Don’t miss The Cambridge Chronicle’s piece on the origins of the civil rights lawsuits filed by former city employees Linda Stamper and Mary Wong, including what looks to be another charge of conflict of interest — this time by the city’s own lawyers.

These lawsuits were settled last month for amounts that haven’t been disclosed, and the city’s internal discussions on the matters remain secret.

The settlements followed the $8.3 million awarded another former city employee and woman of color, Malvina Monteiro, who claimed the same kinds of discrimination and retaliation by her managers at City Hall.

The payout in the Monteiro case grew dramatically in dollar amount because City Manager Robert W. Healy decided to twice appeal a jury’s guilty verdict — controversial because Healy was involved in the lawsuit, making his role in deciding how to pursue the case appear to be a conflict of interest.

Another apparent conflict emerges in the Chronicle’s reporting on the Stamper case by Scott Wachtler. Stamper worked in the city’s Law Department for seven years starting in 1992, during which time she was to serve with attorney Nancy Glowa, described as younger than Stamper and junior to her, in a case. Glowa reportedly refused to be seen in court as “second-seat” to Stamper.

Wachtler writes:

According to the complaint, [City Solicitor Don] Drisdell looked shocked, but said nothing, and allowed Glowa to handle the trial herself with no reprimand for her apparent belief that her reputation would be diminished if she were seen to be second-seating an African-American woman who was senior to her in the department.

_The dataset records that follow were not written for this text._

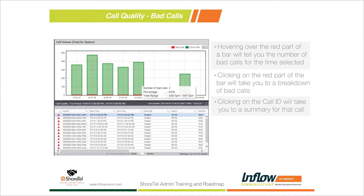Now looking at bad calls: at the very bottom of the graph you'll see a little red bar that changes depending on how many bad calls you have. If you hover over the red part of the graph it tells you exactly how many bad calls occurred that day. Clicking on that red section gives you a summary of all the bad calls, shown in the call quality view at the bottom.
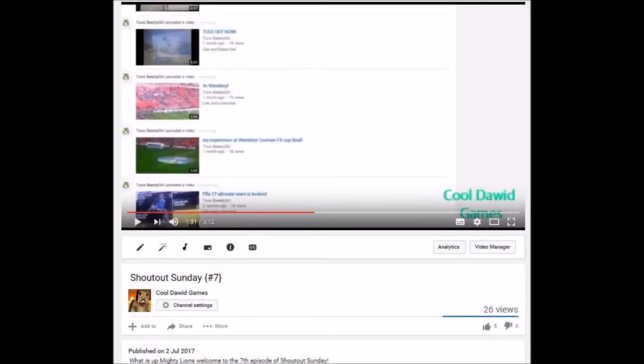What's up guys, welcome back to a brand new video on my channel. Today in this video I'm going to be doing another bonus shoutout Sunday, episode 8 in this Sunday.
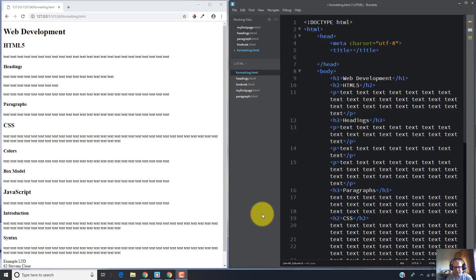Hi guys, welcome to another web development tutorial. I am Josef Botner. In this video tutorial I'm going to talk about formatting text in HTML5. There are a lot of elements for formatting text in HTML5.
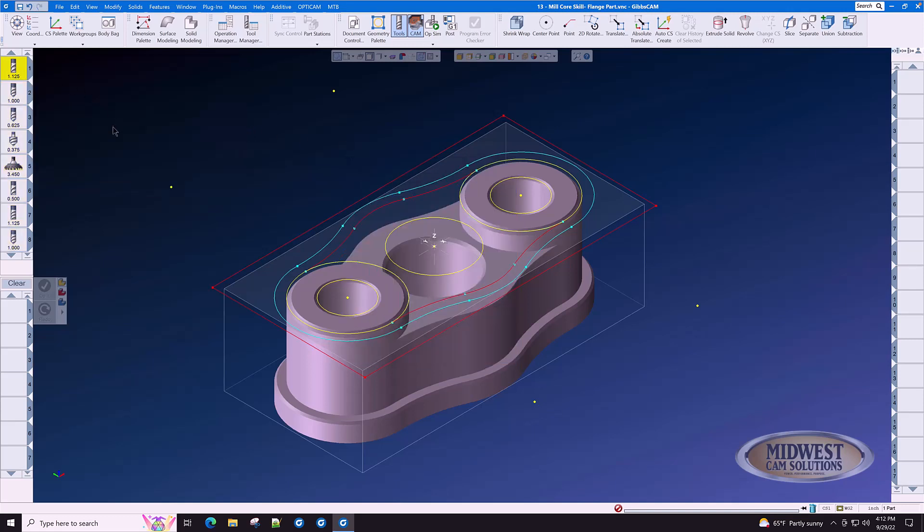Again, once you create a tool in GibbsCam, you never have to create that tool again. It's time to go do some machining on this part.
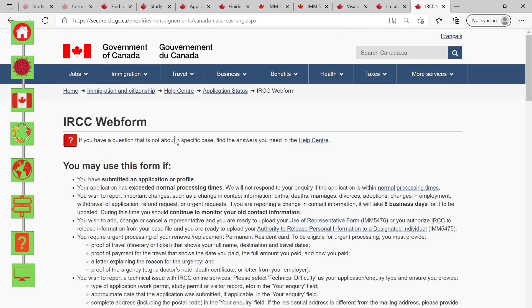We will refer to this web form multiple times in this video series, so take note of this website. Another pro tip: while that IRCC web form is great, there's another option. The IRCC web form I showed you caters for all applications to Canada, so imagine the volume of inquiries they are receiving each day.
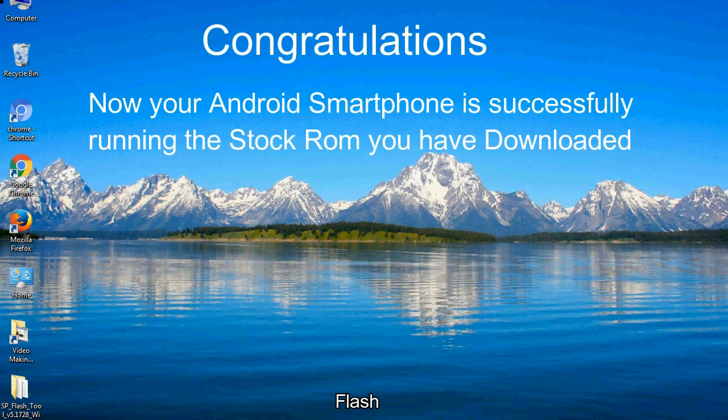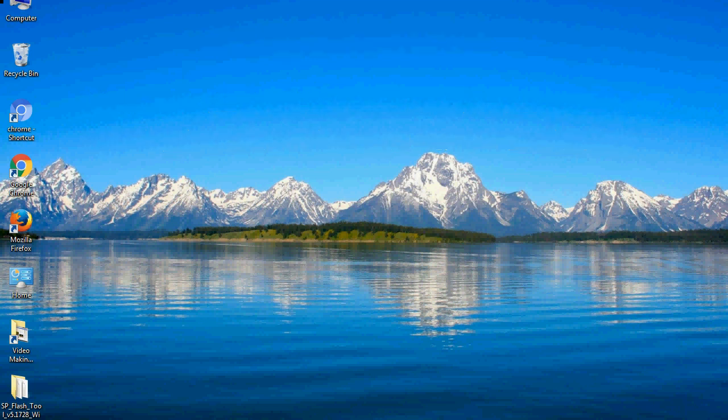Congratulations! Now your Android smartphone is successfully running the stock ROM you have downloaded.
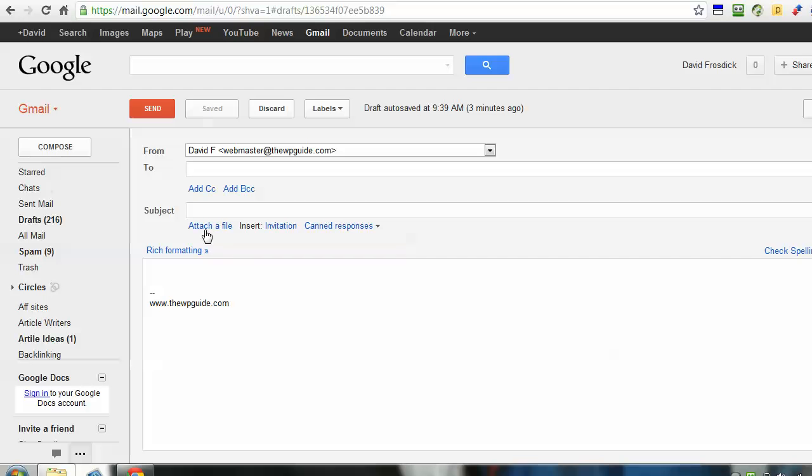If I want to attach a file, I've got the link here that says attach file. Like most web-based email programs, you just click on it and navigate to find the file.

When the Monteiro case went to trial, Glowa sat at the counsel table throughout, said Ellen Zucker, the Burns & Levinson attorney who represented Stamper, Wong and Monteiro. Wachtler writes that, according to Zucker,  “Glowa was also the attorney present at the internal hearing prior to Monteiro’s firing.” Joan A. Lukey represented the city, first as a lawyer with WilmerHale and then of Ropes & Gray.

In a conversation last week, Cambridge attorney Richard Clarey said city lawyers worked with Lukey to keep down what the city would ultimately owe the attorney in fees.

The Law Department’s Drisdell and Arthur Goldberg, first assistant city solicitor, have not answered messages left by Cambridge Day over the past two days via e-mail, voice mail and with an office assistant.